In many cases, it is more convenient to receive input already batched in the form of a NumPy array instead of a list of separate requests. For such cases, we have prepared the @batch decorator that adapts generic input into a batched form. It passes kwargs to the inference function where each named input contains a NumPy array with a batch of requests received by the Triton server.

Below, we show the difference between decorated and undecorated functions bound with Triton:

import numpy as np
from pytriton.decorators import batch

# Sample input data with 2 requests - each with 2 inputs
input_data = [
  {'in1': np.array([[1, 1]]), 'in2': np.array([[2, 2]])},
  {'in1': np.array([[1, 2]]), 'in2': np.array([[2, 3]])}
]

def undecorated_identity_fn(requests):
  print(requests)
  # As expected, requests = [
  #     {'in1': np.array([[1, 1]]), 'in2': np.array([[2, 2]])},
  #     {'in1': np.array([[1, 2]]), 'in2': np.array([[2, 3]])},
  # ]
  results = requests
  return results

@batch
def decorated_identity_fn(in1, in2):
  print(in1, in2)
  # in1 = np.array([[1, 1], [1, 2]])
  # in2 = np.array([[2, 2], [2, 3]])
  # Inputs are batched by `@batch` decorator and passed to the function as kwargs, so they can be automatically mapped
  # with in1, in2 function parameters
  # Of course, we could get these params explicitly with **kwargs like this:
  # def decorated_infer_fn(**kwargs):
  return {"out1": in1, "out2": in2}

undecorated_identity_fn(input_data)
decorated_identity_fn(input_data)

More examples using the @batch decorator with different frameworks are shown below.

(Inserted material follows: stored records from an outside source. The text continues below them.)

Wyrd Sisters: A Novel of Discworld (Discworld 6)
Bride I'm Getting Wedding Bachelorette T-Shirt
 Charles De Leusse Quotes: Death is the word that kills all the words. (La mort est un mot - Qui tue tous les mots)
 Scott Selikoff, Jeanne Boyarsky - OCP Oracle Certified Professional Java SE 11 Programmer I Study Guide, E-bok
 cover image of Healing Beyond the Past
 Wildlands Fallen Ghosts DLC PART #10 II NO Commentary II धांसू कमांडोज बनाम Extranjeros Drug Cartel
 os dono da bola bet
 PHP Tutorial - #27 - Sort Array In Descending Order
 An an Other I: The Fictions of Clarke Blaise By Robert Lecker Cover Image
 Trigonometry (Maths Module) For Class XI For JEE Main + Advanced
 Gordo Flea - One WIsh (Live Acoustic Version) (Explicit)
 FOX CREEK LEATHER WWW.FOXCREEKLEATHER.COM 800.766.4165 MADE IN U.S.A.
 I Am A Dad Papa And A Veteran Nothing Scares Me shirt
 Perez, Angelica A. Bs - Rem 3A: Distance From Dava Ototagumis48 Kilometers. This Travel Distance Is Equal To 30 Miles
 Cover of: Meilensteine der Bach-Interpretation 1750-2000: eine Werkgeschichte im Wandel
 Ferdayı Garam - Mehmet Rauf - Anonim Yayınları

Example implementation for TensorFlow model:

import numpy as np
import tensorflow as tf

from pytriton.decorators import batch

@batch
def infer_tf_fn(**inputs: np.ndarray):
    (images_batch,) = inputs.values()
    images_batch_tensor = tf.convert_to_tensor(images_batch)
    output1_batch = model.predict(images_batch_tensor)
    return [output1_batch]

Example implementation for PyTorch model:

import numpy as np
import torch

from pytriton.decorators import batch

@batch
def infer_pt_fn(**inputs: np.ndarray):
    (input1_batch,) = inputs.values()
    input1_batch_tensor = torch.from_numpy(input1_batch).to("cuda")
    output1_batch_tensor = model(input1_batch_tensor)
    output1_batch = output1_batch_tensor.cpu().detach().numpy()
    return [output1_batch]

Example implementation with named inputs and outputs:

import numpy as np
from pytriton.decorators import batch

@batch
def add_subtract_fn(a: np.ndarray, b: np.ndarray):
    return {"add": a + b, "sub": a - b}

@batch
def multiply_fn(**inputs: np.ndarray):
    a = inputs["a"]
    b = inputs["b"]
    return [a * b]

Example implementation with strings:

import numpy as np
from transformers import pipeline
from pytriton.decorators import batch

CLASSIFIER = pipeline("zero-shot-classification", model="facebook/bart-base", device=0)

@batch
def classify_text_fn(text_array: np.ndarray):
    text = text_array[0]  # text_array contains one string at index 0
    text = text.decode("utf-8")  # string is stored in byte array encoded in utf-8
    result = CLASSIFIER(text)
    return [np.array(result)]  # return statistics generated by classifier

Additional decorators for adapting input to user needs

We have prepared several useful decorators for converting generic request input into common user needs. You can create custom decorators tailored to your requirements and chain them with other decorators.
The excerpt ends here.